- _Activity_:
Every line of the records below from the line with "-阿斯利康食堂(张江园区店)" up to and including the line with "Image of the" must be reproduced exactly, and no line outside that range.

- _Records for the exercise_:

"""

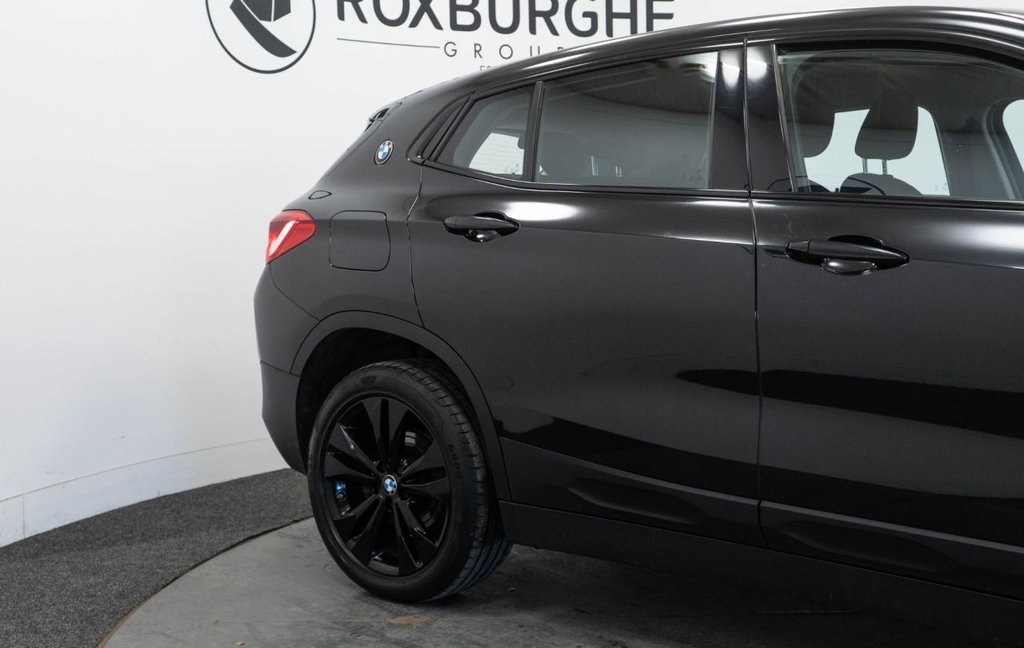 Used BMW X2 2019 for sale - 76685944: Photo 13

"""
"""

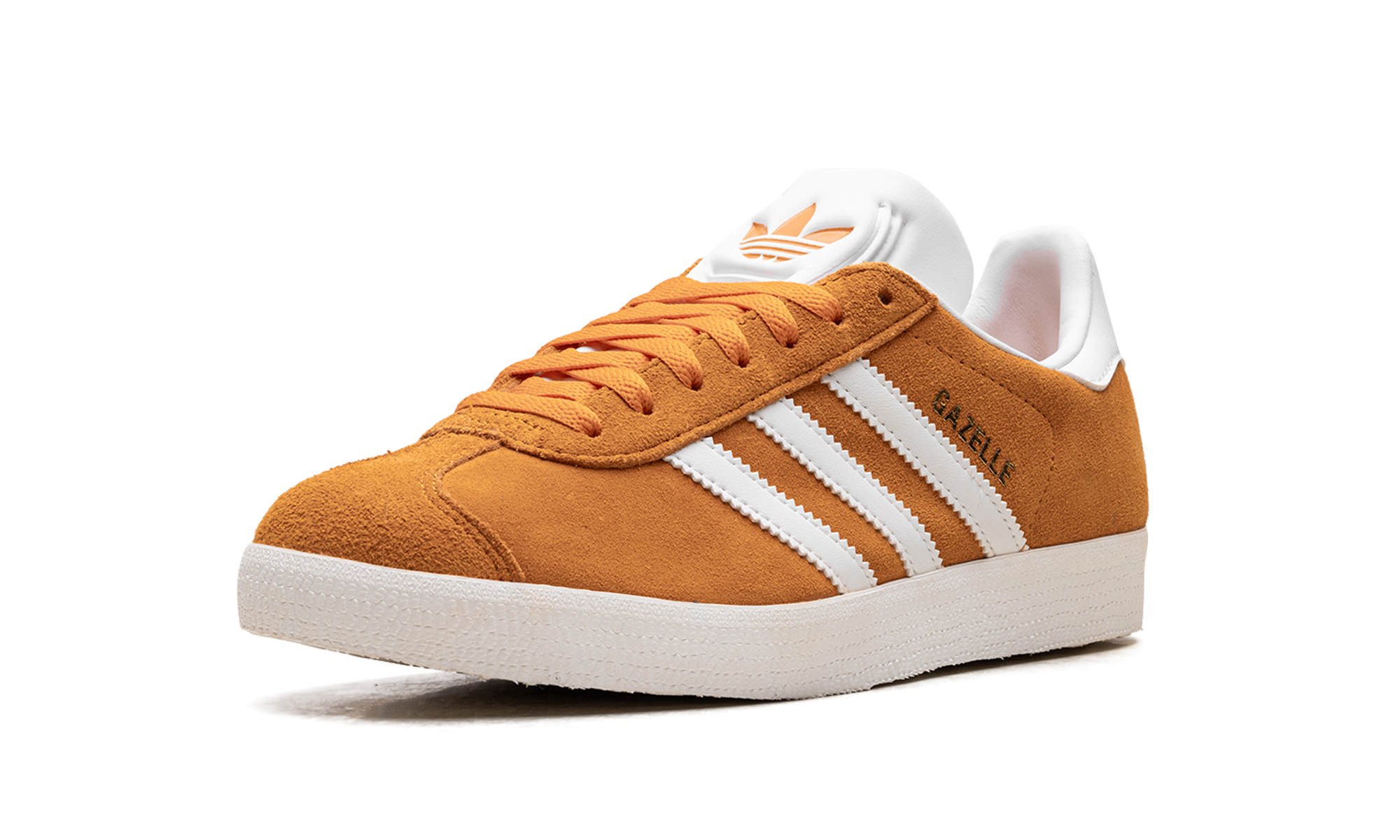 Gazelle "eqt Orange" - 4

"""
"""

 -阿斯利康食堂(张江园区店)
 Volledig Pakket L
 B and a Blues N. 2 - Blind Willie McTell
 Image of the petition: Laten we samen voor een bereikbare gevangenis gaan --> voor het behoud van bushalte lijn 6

"""

- _Answer for the task_:
 -阿斯利康食堂(张江园区店)
 Volledig Pakket L
 B and a Blues N. 2 - Blind Willie McTell
 Image of the petition: Laten we samen voor een bereikbare gevangenis gaan --> voor het behoud van bushalte lijn 6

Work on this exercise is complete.